He was watching a demonstration. It involved a podium. 


Upon the podium rested a man, in stocks, and above the stocks, there were two beams, and a third intersecting them which could be removed to lower a sharp blade. It was Madame Guillotine, a remarkable feat of human engineering specifically designed to chop heads off as efficiently as possible with not that much mess and not much fuss. It should not be currently in the middle of London in 2023. 


There should not be a man in the stocks of Madame Guillotine in the middle of London in 2023. There should not be an executioner stepping up to the podium, as well as a woman in a fancy dress escorting several members of parliament. The man in the stocks of Madame Guillotine should not be the current Prime Minister of Britain. 

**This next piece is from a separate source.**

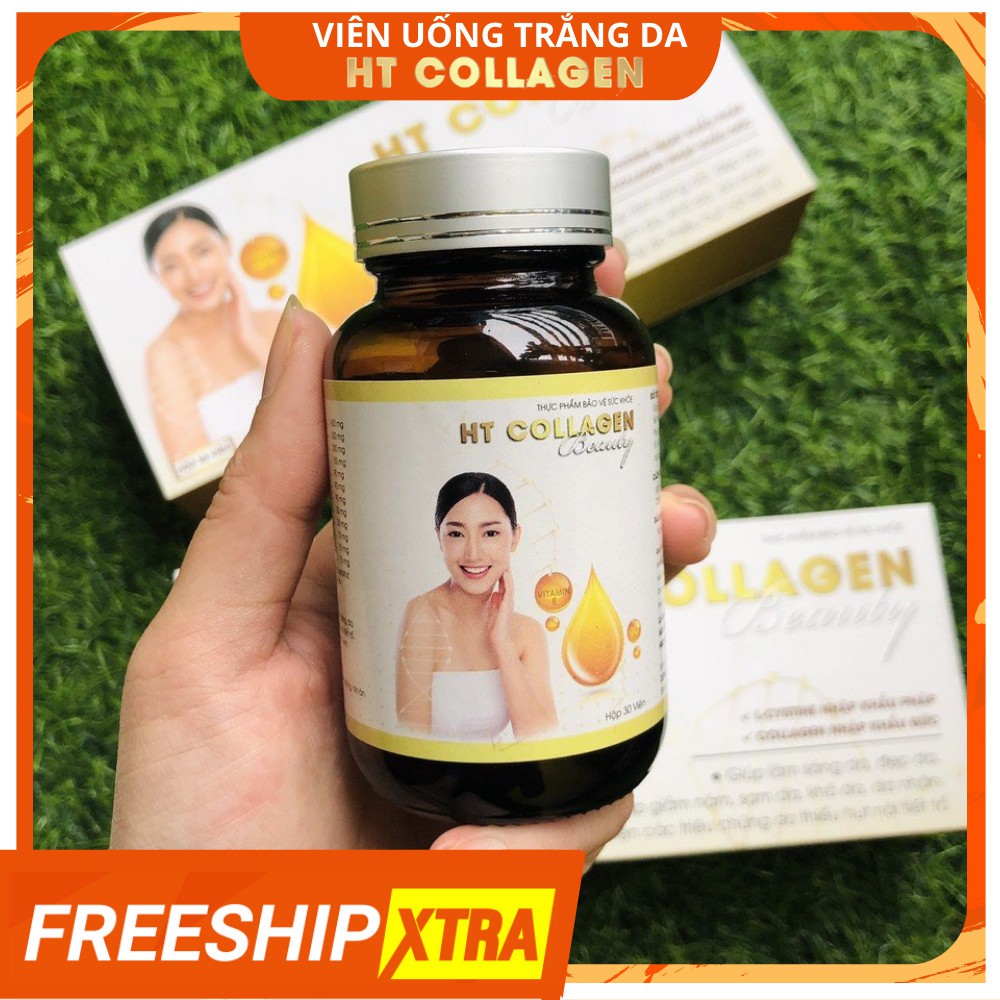 [HIỆU QUẢ SAU 1 THÁNG] Viên uống trắng da căng mịn da bổ sung Collagen HT Collagen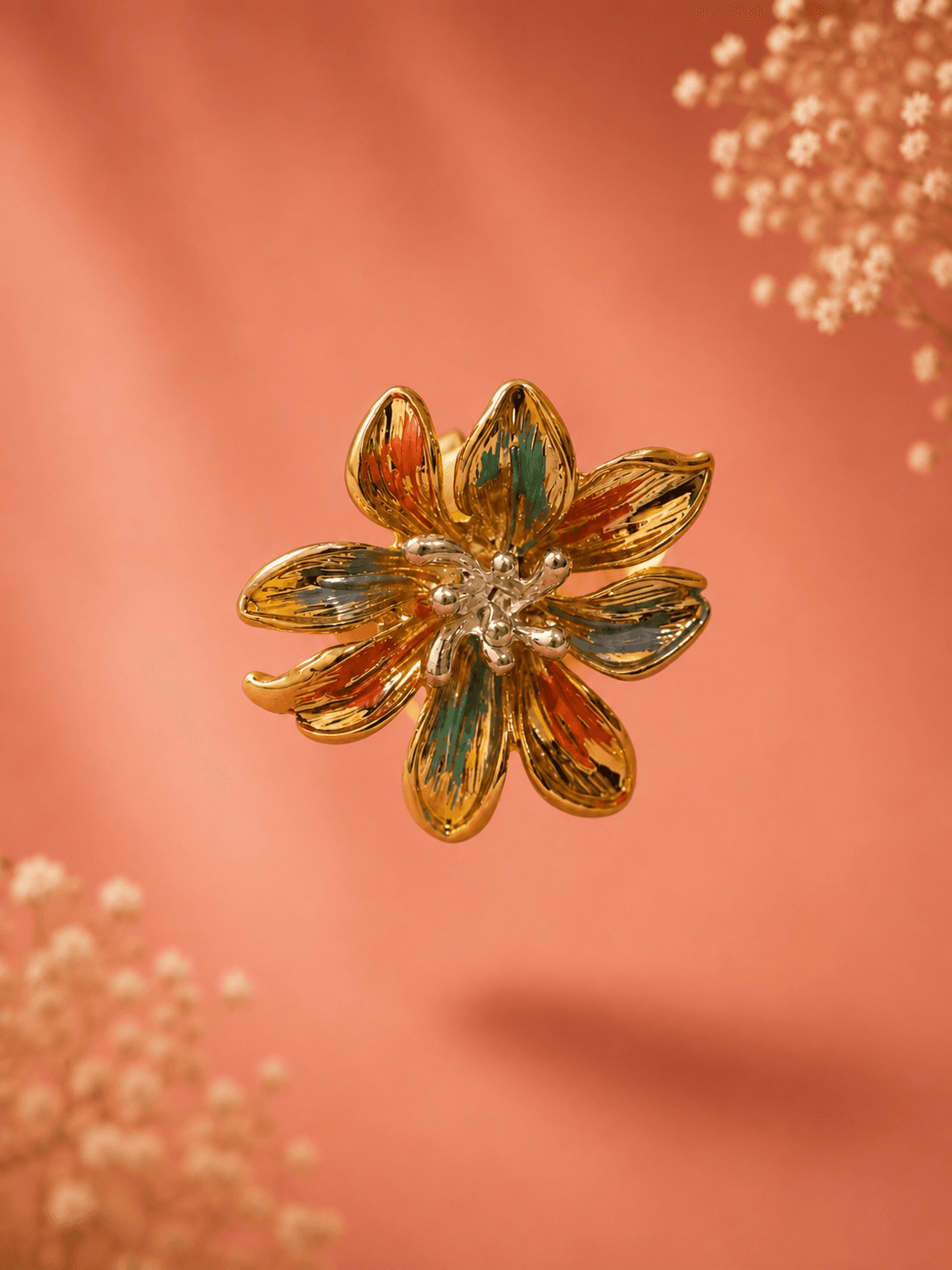 Enamel Blossom Statement Ring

Roman could not begin to list all the things that should not be happening. 


The woman at the platform began to speak. Roman did not understand the words, another inexplicability that he could not put up with: “Citoyens, je vous rappelle l'importance vitale du salut de la nation. Pourquoi vous sentez-vous obligé de traiter avec le traître Premier ministre ? Punir un tyran n’est pas une soif honteuse de vengeance de la nation, c’est la nécessité de consolider la liberté et la tranquillité d’esprit de l’État. Toute manière de le juger, tout système de délais qui compromet la sérénité de l'Etat, est en contradiction directe avec vos objectifs. Et il vaudrait mieux que vous oubliiez complètement de le punir, plutôt que de laisser son procès alimenter les troubles et déclencher une guerre civile. Mais nous ne pouvons pas faire cela. Nous devons tuer ce salaud.” The Doctor wasn't sure if any of that was gramatically accurate, but google translate said it was fine. And that wasn't the point. The point was. 


Goddamn it. It was the fucking French Revolution. In the wrong year. 


* * *


The Doctor could not believe it was happening, much less in the middle of Trafalgar Square. The Prime Minister’s head was just chopped off. It was a fairly seething indictment of the current administration, and yes, while plenty of politicians could be right dickheads, it did rather seem like a historical anomaly, especially considering the woman on the podium in mock fancy dress. It was clearly something she had bought at Target or Spirit Halloween – or whatever equivalent – a mockery of the upper classes in physical form. She was covered in plastic sequins, a mock costume of Marie Antoinette?? But it was beyond that. The physical resemblance was uncanny. It looked like Marie Antoinette herself was in the shitty Marie Antoinette costume. 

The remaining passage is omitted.